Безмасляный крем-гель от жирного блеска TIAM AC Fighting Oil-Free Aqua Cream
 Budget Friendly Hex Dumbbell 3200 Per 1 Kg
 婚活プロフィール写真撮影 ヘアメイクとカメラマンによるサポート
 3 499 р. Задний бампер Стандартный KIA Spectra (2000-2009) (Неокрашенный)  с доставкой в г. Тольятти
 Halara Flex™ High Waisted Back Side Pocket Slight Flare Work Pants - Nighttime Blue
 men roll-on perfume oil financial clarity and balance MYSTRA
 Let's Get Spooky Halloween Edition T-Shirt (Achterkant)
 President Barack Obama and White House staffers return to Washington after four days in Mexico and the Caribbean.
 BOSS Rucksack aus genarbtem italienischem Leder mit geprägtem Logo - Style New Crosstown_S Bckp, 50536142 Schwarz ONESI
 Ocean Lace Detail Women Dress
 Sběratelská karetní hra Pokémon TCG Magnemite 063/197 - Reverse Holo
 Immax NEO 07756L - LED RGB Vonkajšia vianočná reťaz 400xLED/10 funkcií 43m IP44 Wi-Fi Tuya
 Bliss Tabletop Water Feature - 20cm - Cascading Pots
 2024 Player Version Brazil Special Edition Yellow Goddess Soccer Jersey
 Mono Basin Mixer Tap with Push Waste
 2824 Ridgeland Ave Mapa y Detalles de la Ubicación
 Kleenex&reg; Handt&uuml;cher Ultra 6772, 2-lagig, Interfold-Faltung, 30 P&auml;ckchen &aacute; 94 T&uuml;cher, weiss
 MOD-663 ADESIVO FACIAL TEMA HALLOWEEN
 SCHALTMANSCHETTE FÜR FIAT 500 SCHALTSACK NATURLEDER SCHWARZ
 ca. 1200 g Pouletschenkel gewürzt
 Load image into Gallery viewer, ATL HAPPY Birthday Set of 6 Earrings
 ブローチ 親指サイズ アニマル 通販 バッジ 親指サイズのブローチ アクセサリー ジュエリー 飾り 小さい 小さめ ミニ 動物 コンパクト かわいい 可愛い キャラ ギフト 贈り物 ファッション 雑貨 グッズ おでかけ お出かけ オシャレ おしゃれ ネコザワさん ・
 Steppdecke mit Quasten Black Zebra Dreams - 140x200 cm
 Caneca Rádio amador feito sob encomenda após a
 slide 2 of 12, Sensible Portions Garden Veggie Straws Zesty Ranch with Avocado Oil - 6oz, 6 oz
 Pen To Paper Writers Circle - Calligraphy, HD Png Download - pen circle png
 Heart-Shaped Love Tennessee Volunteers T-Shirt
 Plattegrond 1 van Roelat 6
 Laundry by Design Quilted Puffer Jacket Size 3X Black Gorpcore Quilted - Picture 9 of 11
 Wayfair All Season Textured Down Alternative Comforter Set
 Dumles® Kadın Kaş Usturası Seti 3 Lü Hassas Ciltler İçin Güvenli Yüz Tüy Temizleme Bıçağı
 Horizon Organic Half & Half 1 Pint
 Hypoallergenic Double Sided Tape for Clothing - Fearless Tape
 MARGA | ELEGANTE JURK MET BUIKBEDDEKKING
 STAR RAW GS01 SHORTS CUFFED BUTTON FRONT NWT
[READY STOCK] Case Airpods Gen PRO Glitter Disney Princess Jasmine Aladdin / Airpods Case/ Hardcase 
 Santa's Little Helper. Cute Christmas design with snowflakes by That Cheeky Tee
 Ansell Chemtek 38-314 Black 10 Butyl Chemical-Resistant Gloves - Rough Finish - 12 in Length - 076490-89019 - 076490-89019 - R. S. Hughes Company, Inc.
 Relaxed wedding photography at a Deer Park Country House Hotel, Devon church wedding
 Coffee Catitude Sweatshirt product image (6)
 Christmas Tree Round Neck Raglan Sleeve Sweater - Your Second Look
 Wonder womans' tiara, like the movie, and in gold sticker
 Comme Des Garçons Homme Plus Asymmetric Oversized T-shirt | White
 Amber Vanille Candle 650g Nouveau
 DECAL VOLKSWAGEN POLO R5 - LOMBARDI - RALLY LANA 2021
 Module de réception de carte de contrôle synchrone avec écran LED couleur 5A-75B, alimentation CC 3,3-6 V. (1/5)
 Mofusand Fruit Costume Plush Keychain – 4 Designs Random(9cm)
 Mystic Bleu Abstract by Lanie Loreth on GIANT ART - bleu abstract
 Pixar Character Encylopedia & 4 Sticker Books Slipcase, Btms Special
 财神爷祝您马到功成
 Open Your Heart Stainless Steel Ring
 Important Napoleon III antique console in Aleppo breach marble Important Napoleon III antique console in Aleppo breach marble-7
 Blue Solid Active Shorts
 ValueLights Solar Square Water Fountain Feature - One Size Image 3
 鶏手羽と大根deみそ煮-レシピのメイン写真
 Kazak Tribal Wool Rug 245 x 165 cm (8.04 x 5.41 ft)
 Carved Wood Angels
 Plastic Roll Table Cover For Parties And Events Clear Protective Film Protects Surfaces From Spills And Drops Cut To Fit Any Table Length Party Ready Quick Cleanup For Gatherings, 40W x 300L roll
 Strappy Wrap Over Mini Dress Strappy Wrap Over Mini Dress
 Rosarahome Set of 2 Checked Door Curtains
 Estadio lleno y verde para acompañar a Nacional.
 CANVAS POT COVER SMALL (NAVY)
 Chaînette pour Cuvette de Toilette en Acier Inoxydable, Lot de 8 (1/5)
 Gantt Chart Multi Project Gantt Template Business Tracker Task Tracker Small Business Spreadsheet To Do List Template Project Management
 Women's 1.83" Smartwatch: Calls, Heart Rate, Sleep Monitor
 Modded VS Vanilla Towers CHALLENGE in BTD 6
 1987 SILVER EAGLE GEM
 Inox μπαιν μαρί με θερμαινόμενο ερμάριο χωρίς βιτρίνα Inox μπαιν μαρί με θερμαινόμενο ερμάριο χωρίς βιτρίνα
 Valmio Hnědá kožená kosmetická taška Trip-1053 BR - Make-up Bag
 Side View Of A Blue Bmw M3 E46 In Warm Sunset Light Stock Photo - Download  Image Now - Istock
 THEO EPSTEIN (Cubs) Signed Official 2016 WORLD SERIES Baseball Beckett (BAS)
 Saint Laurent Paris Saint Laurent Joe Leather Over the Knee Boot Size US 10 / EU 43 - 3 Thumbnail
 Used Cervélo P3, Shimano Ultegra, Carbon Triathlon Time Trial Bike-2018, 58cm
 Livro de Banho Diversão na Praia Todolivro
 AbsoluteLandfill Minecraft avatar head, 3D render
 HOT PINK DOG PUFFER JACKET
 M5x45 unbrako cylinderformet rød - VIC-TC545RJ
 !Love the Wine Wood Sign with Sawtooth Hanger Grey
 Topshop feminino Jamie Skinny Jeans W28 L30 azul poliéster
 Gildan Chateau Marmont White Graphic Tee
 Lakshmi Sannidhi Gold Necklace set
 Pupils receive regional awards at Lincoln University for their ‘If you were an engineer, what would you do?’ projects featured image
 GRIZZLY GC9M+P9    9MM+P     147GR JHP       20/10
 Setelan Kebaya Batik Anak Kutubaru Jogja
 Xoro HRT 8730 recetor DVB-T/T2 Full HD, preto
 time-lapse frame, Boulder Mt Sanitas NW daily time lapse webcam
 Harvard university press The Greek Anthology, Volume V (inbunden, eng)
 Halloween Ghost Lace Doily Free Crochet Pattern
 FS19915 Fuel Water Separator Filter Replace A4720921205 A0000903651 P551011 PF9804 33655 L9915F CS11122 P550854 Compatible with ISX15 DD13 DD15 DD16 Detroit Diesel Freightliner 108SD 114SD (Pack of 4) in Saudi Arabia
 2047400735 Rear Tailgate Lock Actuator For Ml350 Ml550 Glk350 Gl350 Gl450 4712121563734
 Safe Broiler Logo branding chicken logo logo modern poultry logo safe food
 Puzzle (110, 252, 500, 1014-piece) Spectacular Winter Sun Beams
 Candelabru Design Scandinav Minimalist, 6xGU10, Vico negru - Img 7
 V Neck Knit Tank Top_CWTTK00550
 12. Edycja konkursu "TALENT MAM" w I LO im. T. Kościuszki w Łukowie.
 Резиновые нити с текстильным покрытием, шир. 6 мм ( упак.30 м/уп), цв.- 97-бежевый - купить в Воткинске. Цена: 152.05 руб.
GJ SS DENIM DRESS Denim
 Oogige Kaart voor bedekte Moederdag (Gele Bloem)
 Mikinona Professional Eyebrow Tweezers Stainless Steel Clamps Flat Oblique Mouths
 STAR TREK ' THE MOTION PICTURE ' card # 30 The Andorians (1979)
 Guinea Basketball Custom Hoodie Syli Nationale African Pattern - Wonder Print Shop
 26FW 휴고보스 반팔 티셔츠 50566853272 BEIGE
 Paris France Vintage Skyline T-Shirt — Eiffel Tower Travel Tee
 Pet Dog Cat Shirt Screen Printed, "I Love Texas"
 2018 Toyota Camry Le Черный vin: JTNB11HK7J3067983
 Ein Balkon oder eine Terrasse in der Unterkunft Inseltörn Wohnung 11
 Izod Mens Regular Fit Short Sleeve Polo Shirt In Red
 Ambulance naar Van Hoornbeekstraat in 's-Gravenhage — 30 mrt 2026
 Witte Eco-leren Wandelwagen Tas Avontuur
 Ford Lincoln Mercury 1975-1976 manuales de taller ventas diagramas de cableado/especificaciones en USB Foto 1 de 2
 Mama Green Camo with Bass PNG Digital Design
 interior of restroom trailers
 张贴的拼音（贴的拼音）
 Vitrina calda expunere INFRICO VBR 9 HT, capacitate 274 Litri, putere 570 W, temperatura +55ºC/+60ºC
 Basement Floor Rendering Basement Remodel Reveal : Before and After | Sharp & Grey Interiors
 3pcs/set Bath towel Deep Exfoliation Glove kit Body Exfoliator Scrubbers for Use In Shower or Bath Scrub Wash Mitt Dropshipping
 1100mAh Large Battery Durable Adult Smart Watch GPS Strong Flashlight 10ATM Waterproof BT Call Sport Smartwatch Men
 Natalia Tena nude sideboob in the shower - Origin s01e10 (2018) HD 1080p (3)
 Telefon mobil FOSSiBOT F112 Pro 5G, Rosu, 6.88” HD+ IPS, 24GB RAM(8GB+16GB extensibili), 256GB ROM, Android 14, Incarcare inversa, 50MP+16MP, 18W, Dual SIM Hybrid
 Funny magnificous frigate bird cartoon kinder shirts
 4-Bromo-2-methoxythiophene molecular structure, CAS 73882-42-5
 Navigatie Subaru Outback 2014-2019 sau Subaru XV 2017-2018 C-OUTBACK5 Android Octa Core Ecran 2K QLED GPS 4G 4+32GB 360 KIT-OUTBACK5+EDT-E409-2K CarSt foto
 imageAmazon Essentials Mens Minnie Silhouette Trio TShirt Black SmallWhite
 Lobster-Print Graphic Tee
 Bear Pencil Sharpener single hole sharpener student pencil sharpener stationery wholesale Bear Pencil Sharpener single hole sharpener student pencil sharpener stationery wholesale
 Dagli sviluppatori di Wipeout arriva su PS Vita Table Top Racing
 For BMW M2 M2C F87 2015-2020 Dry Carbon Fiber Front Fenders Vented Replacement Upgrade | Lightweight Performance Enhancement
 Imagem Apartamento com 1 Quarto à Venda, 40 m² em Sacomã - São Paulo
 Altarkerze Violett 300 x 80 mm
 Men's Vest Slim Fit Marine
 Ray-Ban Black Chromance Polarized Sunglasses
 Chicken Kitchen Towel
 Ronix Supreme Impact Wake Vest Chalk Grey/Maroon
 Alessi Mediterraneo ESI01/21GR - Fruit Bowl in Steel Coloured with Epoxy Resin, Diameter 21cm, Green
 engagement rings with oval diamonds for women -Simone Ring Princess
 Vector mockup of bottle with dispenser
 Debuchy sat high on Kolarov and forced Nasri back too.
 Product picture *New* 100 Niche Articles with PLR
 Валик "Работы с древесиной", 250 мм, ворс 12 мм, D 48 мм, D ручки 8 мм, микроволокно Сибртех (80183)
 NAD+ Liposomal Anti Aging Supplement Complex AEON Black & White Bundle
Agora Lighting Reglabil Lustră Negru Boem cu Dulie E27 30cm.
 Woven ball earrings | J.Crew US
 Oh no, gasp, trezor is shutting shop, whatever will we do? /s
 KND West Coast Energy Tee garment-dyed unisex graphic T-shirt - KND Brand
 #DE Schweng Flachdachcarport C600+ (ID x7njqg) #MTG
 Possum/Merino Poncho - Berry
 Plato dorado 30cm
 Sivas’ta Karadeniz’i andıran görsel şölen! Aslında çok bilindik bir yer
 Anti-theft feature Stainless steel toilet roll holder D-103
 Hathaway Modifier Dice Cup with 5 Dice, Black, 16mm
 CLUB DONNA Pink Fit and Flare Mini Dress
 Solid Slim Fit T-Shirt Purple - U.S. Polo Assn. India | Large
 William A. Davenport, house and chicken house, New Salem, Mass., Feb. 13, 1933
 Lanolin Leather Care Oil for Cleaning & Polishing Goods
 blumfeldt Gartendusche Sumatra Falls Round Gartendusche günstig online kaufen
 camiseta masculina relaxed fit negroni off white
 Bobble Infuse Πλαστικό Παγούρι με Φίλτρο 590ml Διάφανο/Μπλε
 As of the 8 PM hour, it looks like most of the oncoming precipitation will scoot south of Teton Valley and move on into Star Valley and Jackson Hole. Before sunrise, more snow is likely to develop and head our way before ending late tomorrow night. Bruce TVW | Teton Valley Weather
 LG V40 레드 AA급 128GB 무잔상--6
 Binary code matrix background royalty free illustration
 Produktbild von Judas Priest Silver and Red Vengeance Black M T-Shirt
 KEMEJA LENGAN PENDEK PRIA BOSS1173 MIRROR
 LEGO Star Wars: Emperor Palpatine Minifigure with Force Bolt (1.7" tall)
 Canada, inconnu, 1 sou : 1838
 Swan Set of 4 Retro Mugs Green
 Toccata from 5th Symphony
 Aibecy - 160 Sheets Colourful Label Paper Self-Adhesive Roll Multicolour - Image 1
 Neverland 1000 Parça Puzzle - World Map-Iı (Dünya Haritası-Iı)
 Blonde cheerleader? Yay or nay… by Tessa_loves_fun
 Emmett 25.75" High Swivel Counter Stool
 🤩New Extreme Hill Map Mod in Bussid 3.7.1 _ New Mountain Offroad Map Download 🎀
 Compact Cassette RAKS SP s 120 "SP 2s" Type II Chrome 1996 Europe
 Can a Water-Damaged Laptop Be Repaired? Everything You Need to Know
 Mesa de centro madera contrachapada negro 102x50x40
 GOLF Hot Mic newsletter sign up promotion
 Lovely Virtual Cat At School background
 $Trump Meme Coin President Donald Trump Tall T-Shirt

[Problem requirements] All that is wanted is the stretch of lines above from the one containing "For BMW M2 M2C" through the one containing "Sivas’ta Karadeniz’i andıran", duplicated exactly.

[Exercise result]
 For BMW M2 M2C F87 2015-2020 Dry Carbon Fiber Front Fenders Vented Replacement Upgrade | Lightweight Performance Enhancement
 Imagem Apartamento com 1 Quarto à Venda, 40 m² em Sacomã - São Paulo
 Altarkerze Violett 300 x 80 mm
 Men's Vest Slim Fit Marine
 Ray-Ban Black Chromance Polarized Sunglasses
 Chicken Kitchen Towel
 Ronix Supreme Impact Wake Vest Chalk Grey/Maroon
 Alessi Mediterraneo ESI01/21GR - Fruit Bowl in Steel Coloured with Epoxy Resin, Diameter 21cm, Green
 engagement rings with oval diamonds for women -Simone Ring Princess
 Vector mockup of bottle with dispenser
 Debuchy sat high on Kolarov and forced Nasri back too.
 Product picture *New* 100 Niche Articles with PLR
 Валик "Работы с древесиной", 250 мм, ворс 12 мм, D 48 мм, D ручки 8 мм, микроволокно Сибртех (80183)
 NAD+ Liposomal Anti Aging Supplement Complex AEON Black & White Bundle
Agora Lighting Reglabil Lustră Negru Boem cu Dulie E27 30cm.
 Woven ball earrings | J.Crew US
 Oh no, gasp, trezor is shutting shop, whatever will we do? /s
 KND West Coast Energy Tee garment-dyed unisex graphic T-shirt - KND Brand
 #DE Schweng Flachdachcarport C600+ (ID x7njqg) #MTG
 Possum/Merino Poncho - Berry
 Plato dorado 30cm
 Sivas’ta Karadeniz’i andıran görsel şölen! Aslında çok bilindik bir yer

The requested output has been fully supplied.